-- Action item --
Using the listing below, print exactly everything from the line with "Wholesale Women's Linen" down to the line with "Dapetz® Jeu de", both included, and nothing more.

-- Task inputs --
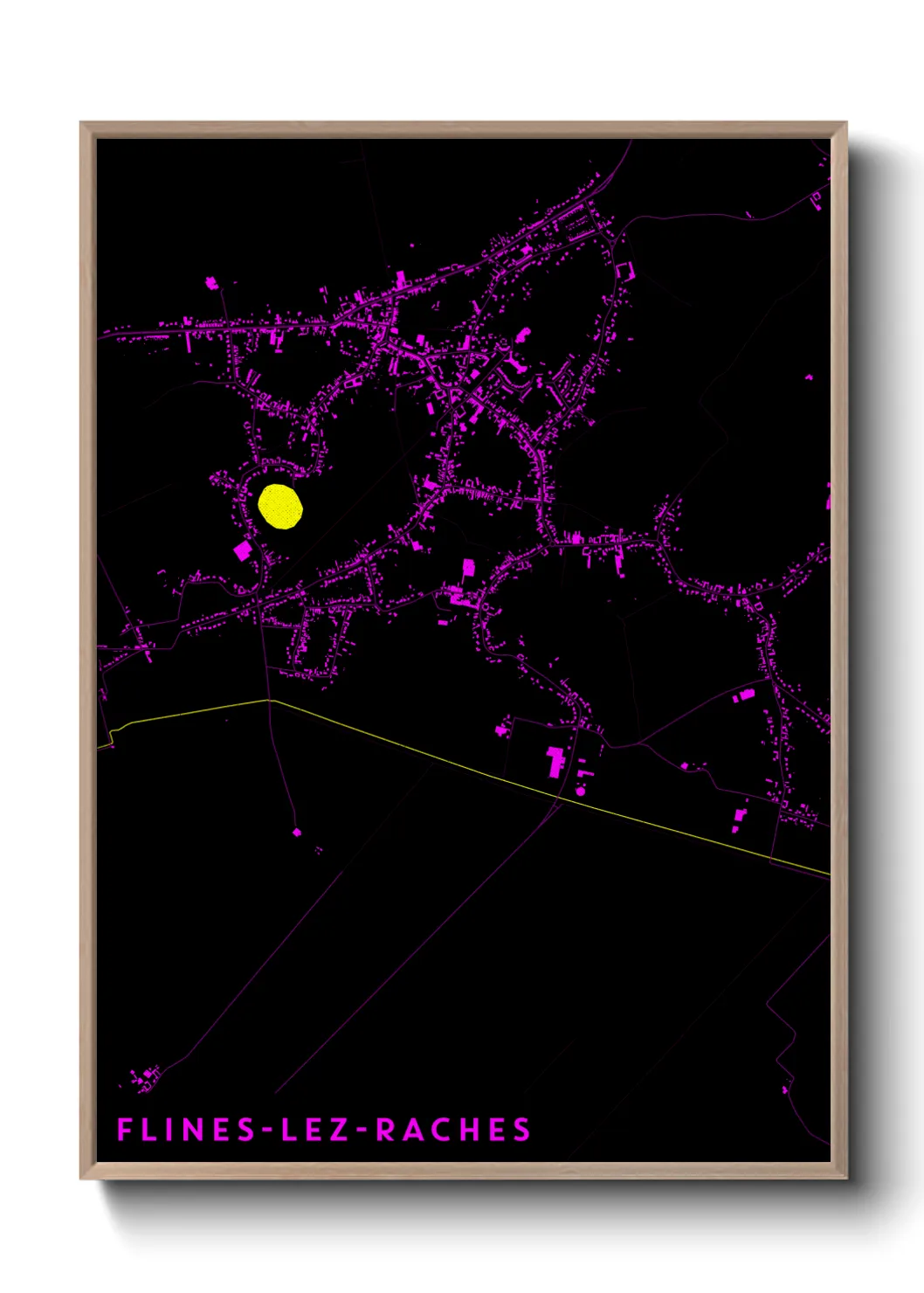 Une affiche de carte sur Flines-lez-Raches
==
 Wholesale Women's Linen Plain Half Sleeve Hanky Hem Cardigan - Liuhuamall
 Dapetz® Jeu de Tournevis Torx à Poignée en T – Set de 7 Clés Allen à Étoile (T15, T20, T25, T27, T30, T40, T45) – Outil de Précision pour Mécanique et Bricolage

-- Expected answer --
 Wholesale Women's Linen Plain Half Sleeve Hanky Hem Cardigan - Liuhuamall
 Dapetz® Jeu de Tournevis Torx à Poignée en T – Set de 7 Clés Allen à Étoile (T15, T20, T25, T27, T30, T40, T45) – Outil de Précision pour Mécanique et Bricolage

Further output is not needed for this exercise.